En la Cooperativa los campesinos todavía pueden cultivar maíz y frijol y alquilar tierras a las comunidades vecinas que han visto cómo sus parcelas se empobrecían por el gran número de nutrientes que exige el cultivo de la palmera aceitera, misma que está siendo cada día más cotizada en el mercado.

“No por ello se han librado de los impactos de la palma. La laguna de la que tomaban el agua y el pescado está contaminada, y sus cosechas se han visto afectadas por el cambio climático derivado de la deforestación: más calor y menos lluvia. También han sentido, aseguran, el impacto de los agroquímicos que le aplican a la palma, y el aumento de las plagas”, denuncia Castro en su reportaje.

La zona del Petén, en Guatemala, es de una enorme exuberancia. Sin embargo, también lo es de una enorme pobreza. La falta de agua corriente ha hecho daño a las comunidades que tienen que tomarla del río La Pasión o de la laguna, en ambos casos contaminada por los químicos del cultivo de la palmera aceitera y porque se están secando los pozos artesanales.

Las normas para un ecocidio

Hasta hace 15 o 20 años la región del Petén era solamente selva. Pero llegó el cultivo de la palma aceitera por parte del grupo industrial guatemalteco HAME. Cuando se dio a conocer el ecocidio del río La Pasión, en Sayaxché, por el desborde de las lagunas de oxidación, lo que provocó una enorme mortandad de peces y contaminación extrema en 150 kilómetros del río, cayó asesinado a tiros quien denunció este hecho: el campesino Rigoberto Lima.

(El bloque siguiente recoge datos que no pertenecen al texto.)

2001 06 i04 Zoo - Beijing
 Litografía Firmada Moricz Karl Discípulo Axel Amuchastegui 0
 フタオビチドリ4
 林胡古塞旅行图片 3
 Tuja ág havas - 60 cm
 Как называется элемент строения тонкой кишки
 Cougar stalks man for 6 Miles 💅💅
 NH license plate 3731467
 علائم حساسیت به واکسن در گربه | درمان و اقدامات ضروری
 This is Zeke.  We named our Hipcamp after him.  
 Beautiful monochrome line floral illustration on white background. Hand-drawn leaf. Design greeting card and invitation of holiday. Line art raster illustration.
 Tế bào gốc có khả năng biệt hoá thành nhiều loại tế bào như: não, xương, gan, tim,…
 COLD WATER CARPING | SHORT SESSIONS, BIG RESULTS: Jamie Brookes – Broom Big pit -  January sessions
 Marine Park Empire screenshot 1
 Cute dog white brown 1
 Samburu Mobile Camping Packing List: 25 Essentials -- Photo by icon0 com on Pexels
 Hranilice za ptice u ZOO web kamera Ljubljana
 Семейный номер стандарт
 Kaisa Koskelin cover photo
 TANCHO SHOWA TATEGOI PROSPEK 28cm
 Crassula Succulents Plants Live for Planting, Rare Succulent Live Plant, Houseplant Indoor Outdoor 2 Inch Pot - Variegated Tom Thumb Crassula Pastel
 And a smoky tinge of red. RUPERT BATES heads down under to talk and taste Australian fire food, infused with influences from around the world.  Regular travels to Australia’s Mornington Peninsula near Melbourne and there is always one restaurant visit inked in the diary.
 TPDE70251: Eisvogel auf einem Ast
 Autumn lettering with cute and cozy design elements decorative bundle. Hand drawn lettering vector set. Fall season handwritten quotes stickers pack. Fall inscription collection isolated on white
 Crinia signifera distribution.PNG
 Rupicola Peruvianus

“La única salida al hambre y la sed es lo mismo que la causó: la palma. La desesperación lleva a estos campesinos a aceptar condiciones laborales que recuerdan a los tiempos de la esclavitud”, dice Castro en su reportaje.

Según una campesina de San Juan de Acul, citada por la periodista, hombres y mujeres: “trabajan muchas horas por poco dinero, sin horarios fijos, y se tienen que comprar ellos el equipo. Pero no hay más de adónde. Si hubiera otra fuente de ingresos, no se aprovecharían de la necesidad, pero tenemos que comer”.

“Aquí, la mayoría de la gente trabaja en la palma. Salen de aquí a las 5 para llegar a las 6 a la plantación, y trabajan hasta las 3 de la tarde por jornales de 60 quetzales (unos 7 euros), que es menos del salario mínimo (de 83 quetzales por jornal en el campo). Cuando llega el día de cobro, no les quieren pagar. Les tratan mal y los amenazan con echarlos si protestan”, afirma uno de los líderes de la comunidad de El Mangal, en el extenso reportaje publicado por Equal Times / Desinformémonos.

Campesinos e investigadores: “Esto será un desierto verde”

Los campesinos denuncian que tras 20 o 25 años de siembra de palma aceitera, las tierras ya no sirven para nada. Y esto lo confirma un estudio realizado en el Valle de Polochic por la investigadora Sara Mingorria, del ICTA (Universidad Autónoma de Barcelona).

En él se muestra que, debido a la gran cantidad de nutrientes que demanda, el monocultivo palmero elimina la capa orgánica del suelo y provoca infertilidad. Se requieren 25 años para lograr que la zona en la que se plantó palma aceitera vuelva a ser fértil, pues “el suelo queda tan debilitado que, por más que se abone, los componentes se pierden y desaparecen”.

Mingorria añade que estas plantaciones suelen denominarse “desiertos verdes” porque “este tipo de árbol no permite que se forme vegetación a su alrededor”.

“Cuando eso suceda, si no lo impide la terca resistencia de las comunidades indígenas y campesinas, las empresas buscarán otro territorio donde hacer rentables sus inversiones, dejando a su paso tierras desertificadas, ríos contaminados y pueblos despojados. Y todo, en aras de la rentabilidad de una commodity que cotiza al alza en los mercados financieros, termina diciendo Nazaret Castro en su reportaje.